Hydrogen Trapping and the Hydrogen-Enhanced Corrosion of Steel

The polarization curve measurements (Fig. 4) show that hydrogen-charging enhances the anodic dissolution current density of the steel, as demonstrated in previous work (Ref 21). Moreover, there is the highest anodic current density at HAZ, indicating that HAZ is associated with the high electrochemical activity in the solution. Upon hydrogen-charging, hydrogen would be trapped in HAZ at sites such as grain boundaries and the phase interfaces as well as inclusions. The hydrogen permeation analysis shows that there exist a significant number of various traps in HAZ (there is the highest trapped density at HAZ in Table 1). Of various traps, the presence of irreversible traps, such as inclusions, is important since hydrogen trapped at these sites is directly associated with an enhanced local, preferential corrosion. As indicated in the present work in Fig. 5, the local corrosion occurs preferentially at inclusions existing at HAZ.

Furthermore, this work finds that the hydrogen-enhanced localized corrosion occurs primarily at inclusions enriching in Si and Si-Al, as seen in Fig. 6. The author’s previous work (Ref 22) demonstrated that there exist different electrochemical activities between inclusion and the steel substrate. In particular, the Si-enriched inclusion is more active the steel. In corrosive solutions, a preferential dissolution of inclusion would occur at the steel/inclusion interface. When hydrogen is trapped there, local dissolution would be further enhanced. Therefore, local corrosion pits or dissolution-induced flaws are observed at inclusions.

Conclusions

There are different microstructures at the X80 steel weld. The HAZ contains a mixture of bainite and ferrite as well as randomly distributed cementite. The weld metal is featured with acicular ferrite and grain boundary ferrite, and the microstructure of X80 steel contains typically polygonal ferrite and bainite bundles.

The microstructure of the weld zone results in different hydrogen permeation behavior.

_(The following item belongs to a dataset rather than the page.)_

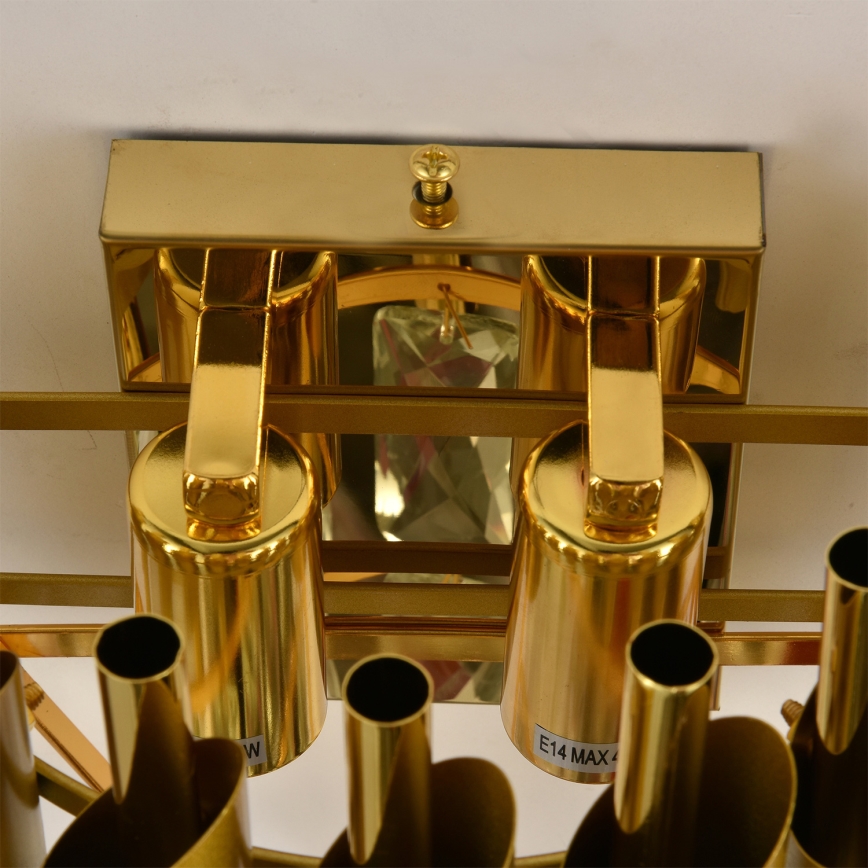 Brilagi - Nástěnné svítidlo ECLIPSE 2xE14/10W/230V zlatá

There is the smallest hydrogen permeation rate and the highest hydrogen trapping density at HAZ, while the base X80 steel has the lowest hydrogen trapping density.

Hydrogen-charging enhances corrosion of the steel, especially localized corrosion occurring at HAZ. This is probably due to the high hydrogen trapping density at HAZ, accumulating hydrogen locally to cause the preferential dissolution.